# Problem requirements:
Your answer must consist solely of the lines from the one containing "Vrouw doet geldgebaar" through the last line of the records below, reproduced exactly, with all pictures omitted.

+++ Extracted material

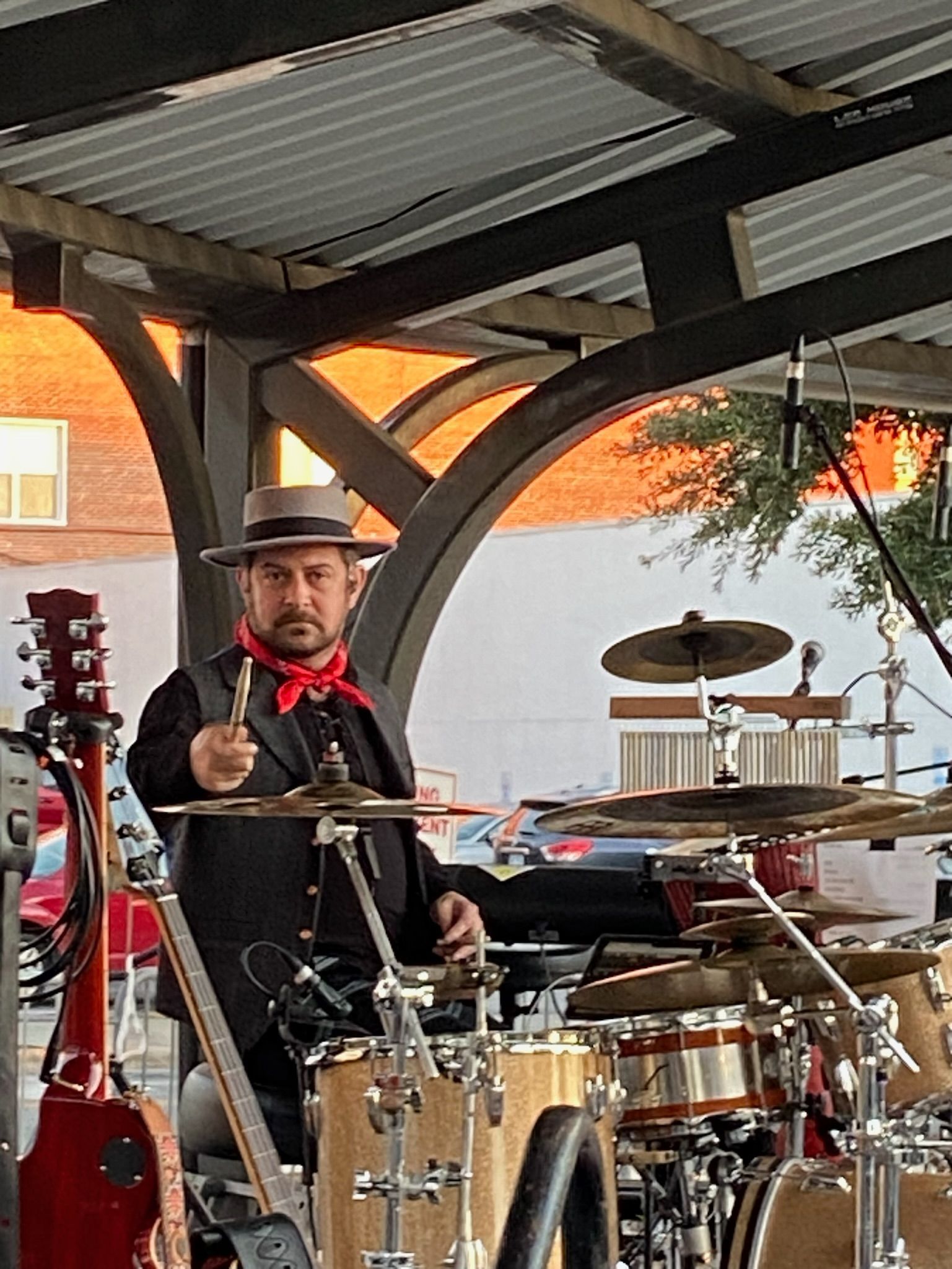 Drummer in hat and red scarf playing under an archway, drums visible.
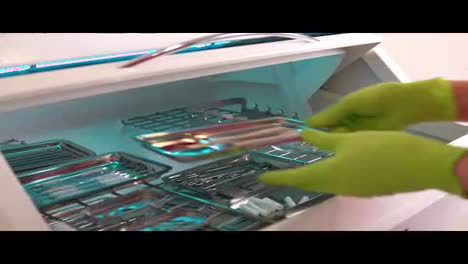 Close-up-shot-of-hands-in-gloves-taking-instruments-from-the-box-for-dental-instruments-disinfection.-Ultraviolet-sterile-chamber.-Shot-in-4k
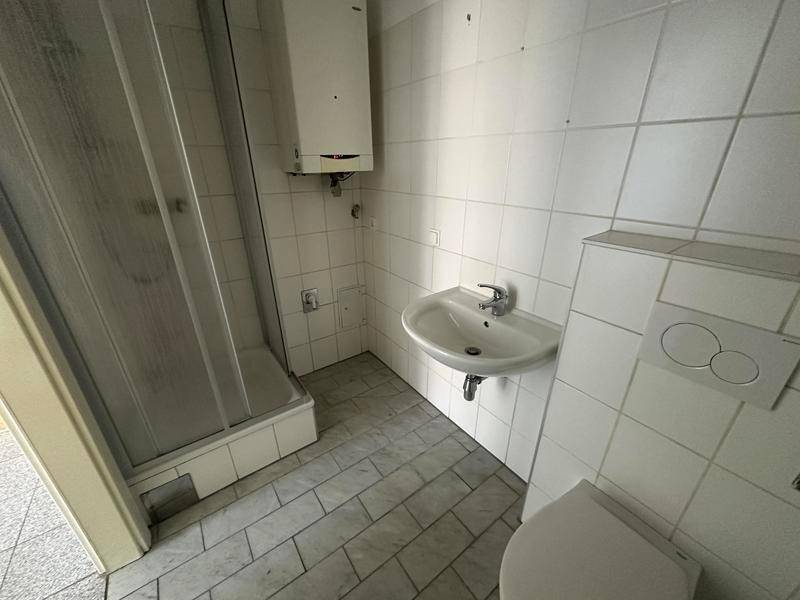 Funktionales Badezimmer mit Duschkabine, Waschbecken und WC, komplett gefliest.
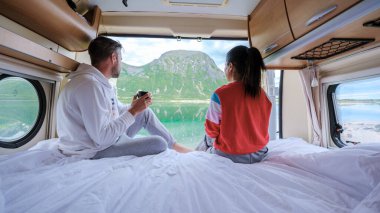 Bir çift rahat bir karavanda dinleniyor, kahveyi yudumlarken aynı zamanda çarpıcı dağları ve Norveç 'te sakin bir gölü seyrediyor. İlham arayan gezginler ve gezginler için mükemmel..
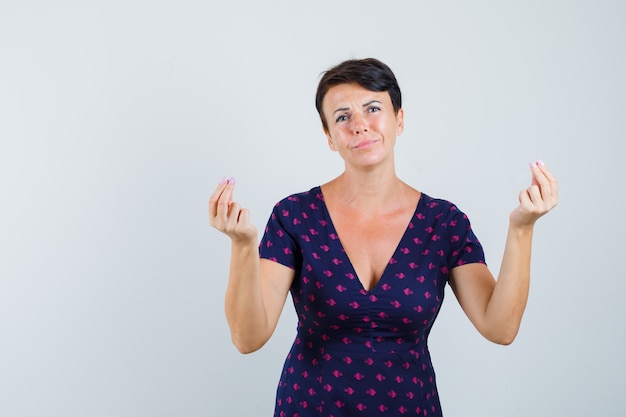 Vrouw doet geldgebaar in jurk en zoekt armoedig.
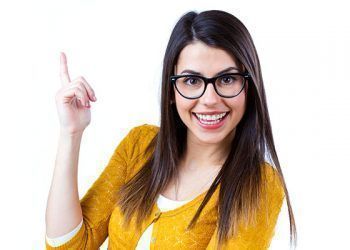 Portrait of pretty young woman with casual wear pointing up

++++++

# Answer to this task:
 Vrouw doet geldgebaar in jurk en zoekt armoedig.
 Portrait of pretty young woman with casual wear pointing up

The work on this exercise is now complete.